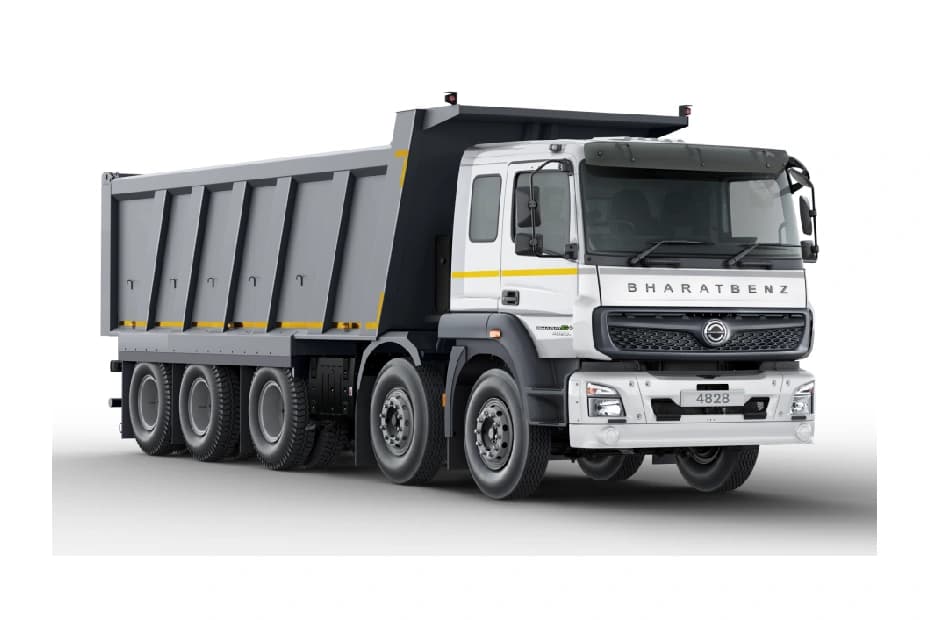 BharatBenz 4228RT Right Front Three Quarter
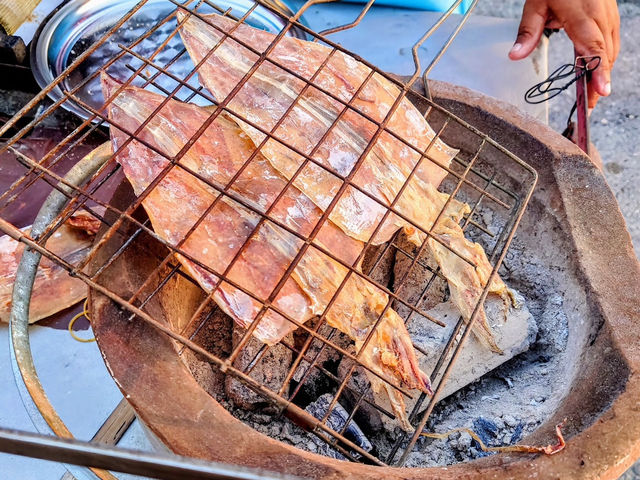 安帕瓦水上市場 泰國獨特的文化體驗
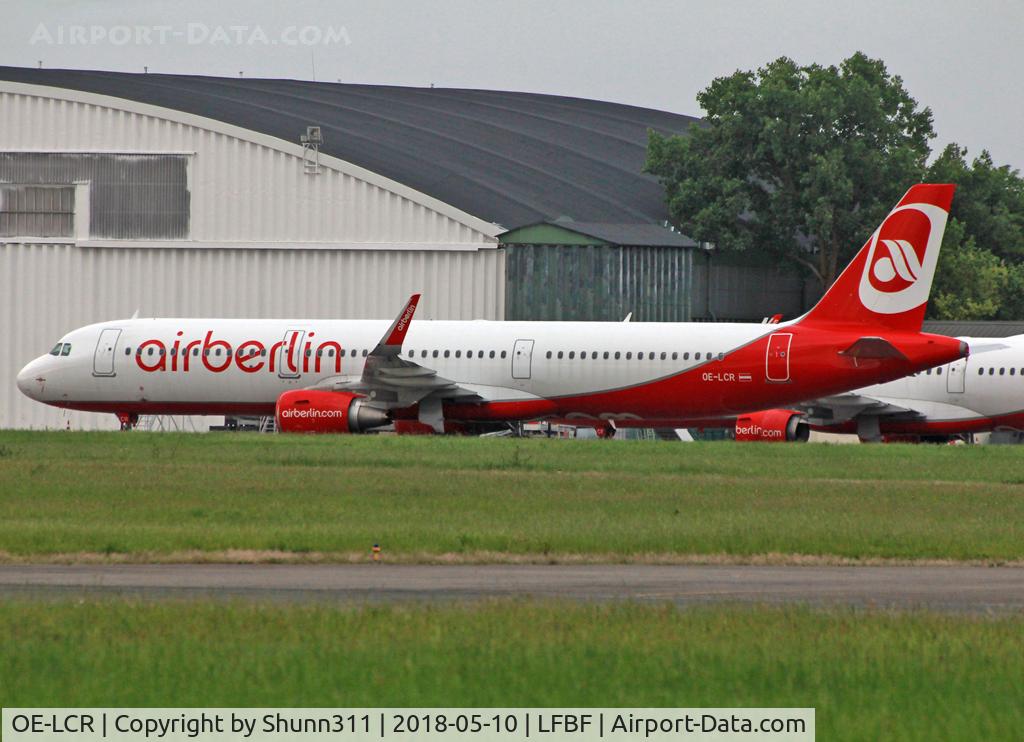 OE-LCR, 2015 Airbus A321-211 C/N 6719, Parked...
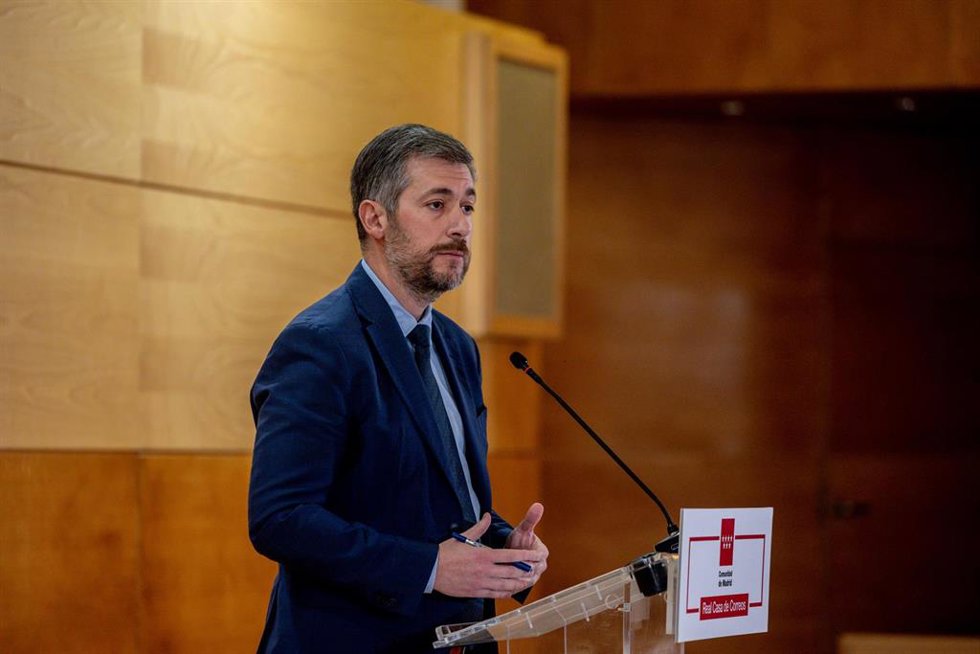 El consejero de Presidencia de la Comunidad de Madrid, Miguel Ángel García Martín, ofrece una rueda de prensa tras la ronda de reuniones de la presidenta de la Comunidad de Madrid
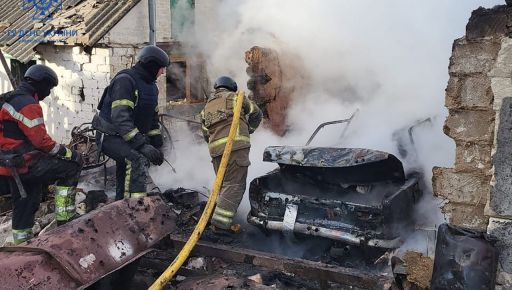 Армія рф 25 лютого вдарила по селу на Куп’янщині: Спалахнула пожежа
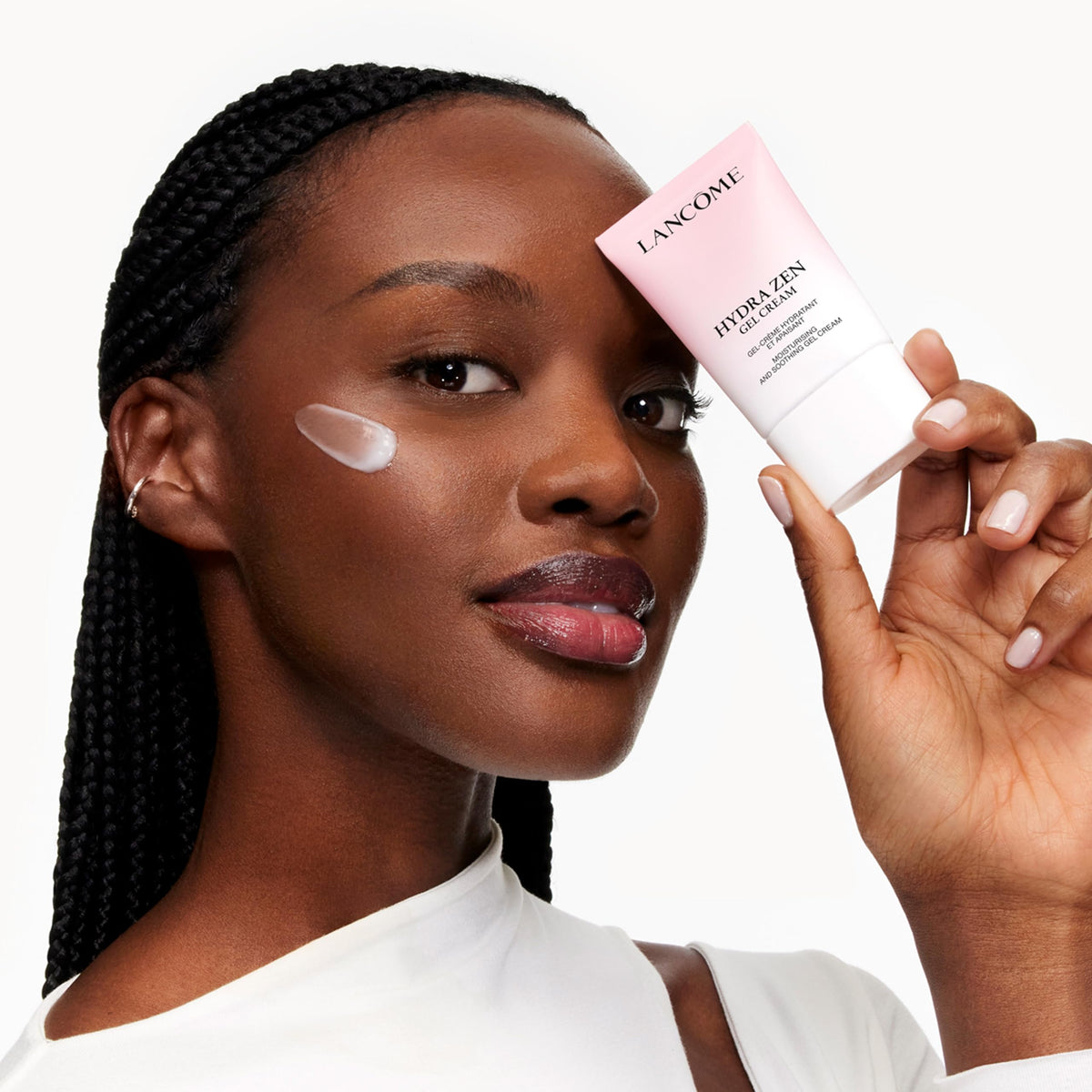Lancôme close-up of gel texture highlighting lightweight absorption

════

● **INSTRUCTIONS TO FOLLOW**:
Transcribe exactly, and only, the lines from the line with "El consejero de" through the last line of the records, inclusive; the pictures do not belong in the copy.

● **PROBLEM SOLUTION**:
 El consejero de Presidencia de la Comunidad de Madrid, Miguel Ángel García Martín, ofrece una rueda de prensa tras la ronda de reuniones de la presidenta de la Comunidad de Madrid
 Армія рф 25 лютого вдарила по селу на Куп’янщині: Спалахнула пожежа
Lancôme close-up of gel texture highlighting lightweight absorption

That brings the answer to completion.